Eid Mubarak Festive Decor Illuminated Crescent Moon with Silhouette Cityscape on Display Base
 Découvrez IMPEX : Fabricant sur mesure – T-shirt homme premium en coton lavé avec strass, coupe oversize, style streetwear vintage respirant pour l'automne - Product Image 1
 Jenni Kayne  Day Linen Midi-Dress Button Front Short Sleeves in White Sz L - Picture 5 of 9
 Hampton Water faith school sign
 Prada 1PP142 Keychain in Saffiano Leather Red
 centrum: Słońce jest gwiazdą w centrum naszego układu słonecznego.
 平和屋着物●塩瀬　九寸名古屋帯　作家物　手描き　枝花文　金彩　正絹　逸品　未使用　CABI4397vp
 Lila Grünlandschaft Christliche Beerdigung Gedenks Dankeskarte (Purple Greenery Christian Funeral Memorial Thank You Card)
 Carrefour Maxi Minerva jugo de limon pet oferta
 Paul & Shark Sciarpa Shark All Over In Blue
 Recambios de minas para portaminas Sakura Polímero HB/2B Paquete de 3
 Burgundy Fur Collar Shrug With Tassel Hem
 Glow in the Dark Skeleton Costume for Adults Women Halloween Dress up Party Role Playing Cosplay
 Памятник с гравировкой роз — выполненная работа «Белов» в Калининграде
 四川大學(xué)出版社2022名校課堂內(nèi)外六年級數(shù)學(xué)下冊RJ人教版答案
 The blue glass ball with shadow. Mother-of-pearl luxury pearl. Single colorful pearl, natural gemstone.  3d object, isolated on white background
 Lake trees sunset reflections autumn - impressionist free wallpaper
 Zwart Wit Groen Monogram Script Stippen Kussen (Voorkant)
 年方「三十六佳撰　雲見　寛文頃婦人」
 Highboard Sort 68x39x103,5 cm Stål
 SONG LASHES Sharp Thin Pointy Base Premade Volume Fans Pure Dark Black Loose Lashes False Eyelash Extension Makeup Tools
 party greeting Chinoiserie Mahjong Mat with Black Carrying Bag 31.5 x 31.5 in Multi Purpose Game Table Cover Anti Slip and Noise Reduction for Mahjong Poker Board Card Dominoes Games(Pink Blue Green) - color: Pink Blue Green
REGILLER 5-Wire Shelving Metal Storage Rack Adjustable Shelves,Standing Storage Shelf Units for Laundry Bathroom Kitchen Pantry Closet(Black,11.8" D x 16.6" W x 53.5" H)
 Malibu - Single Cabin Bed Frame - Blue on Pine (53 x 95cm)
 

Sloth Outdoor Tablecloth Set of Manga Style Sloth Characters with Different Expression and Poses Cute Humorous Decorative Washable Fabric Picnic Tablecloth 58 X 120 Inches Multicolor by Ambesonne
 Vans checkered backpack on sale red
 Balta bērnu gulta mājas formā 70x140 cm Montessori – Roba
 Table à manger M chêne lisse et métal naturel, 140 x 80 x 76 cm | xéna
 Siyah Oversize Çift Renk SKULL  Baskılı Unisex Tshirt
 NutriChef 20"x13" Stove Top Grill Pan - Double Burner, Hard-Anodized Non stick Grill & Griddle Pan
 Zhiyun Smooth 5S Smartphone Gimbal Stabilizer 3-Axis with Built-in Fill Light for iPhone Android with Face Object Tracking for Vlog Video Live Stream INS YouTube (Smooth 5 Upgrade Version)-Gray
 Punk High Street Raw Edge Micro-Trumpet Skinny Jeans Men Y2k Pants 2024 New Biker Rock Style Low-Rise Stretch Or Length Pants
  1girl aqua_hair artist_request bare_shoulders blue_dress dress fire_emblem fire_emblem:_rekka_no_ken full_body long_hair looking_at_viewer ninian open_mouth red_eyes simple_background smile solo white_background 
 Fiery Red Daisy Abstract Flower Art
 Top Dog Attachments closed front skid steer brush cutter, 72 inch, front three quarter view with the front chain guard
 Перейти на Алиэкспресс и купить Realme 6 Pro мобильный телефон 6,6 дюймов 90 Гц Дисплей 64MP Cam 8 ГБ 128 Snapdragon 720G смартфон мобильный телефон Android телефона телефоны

---*---

### WHAT YOU ARE ASKED TO DO
Retype word for word everything in the listing above from the line that holds "四川大學(xué)出版社20" down to the line that holds "Zwart Wit Groen". Keep both end lines and leave out the rest.

### ANSWER BELOW
 四川大學(xué)出版社2022名校課堂內(nèi)外六年級數(shù)學(xué)下冊RJ人教版答案
 The blue glass ball with shadow. Mother-of-pearl luxury pearl. Single colorful pearl, natural gemstone.  3d object, isolated on white background
 Lake trees sunset reflections autumn - impressionist free wallpaper
 Zwart Wit Groen Monogram Script Stippen Kussen (Voorkant)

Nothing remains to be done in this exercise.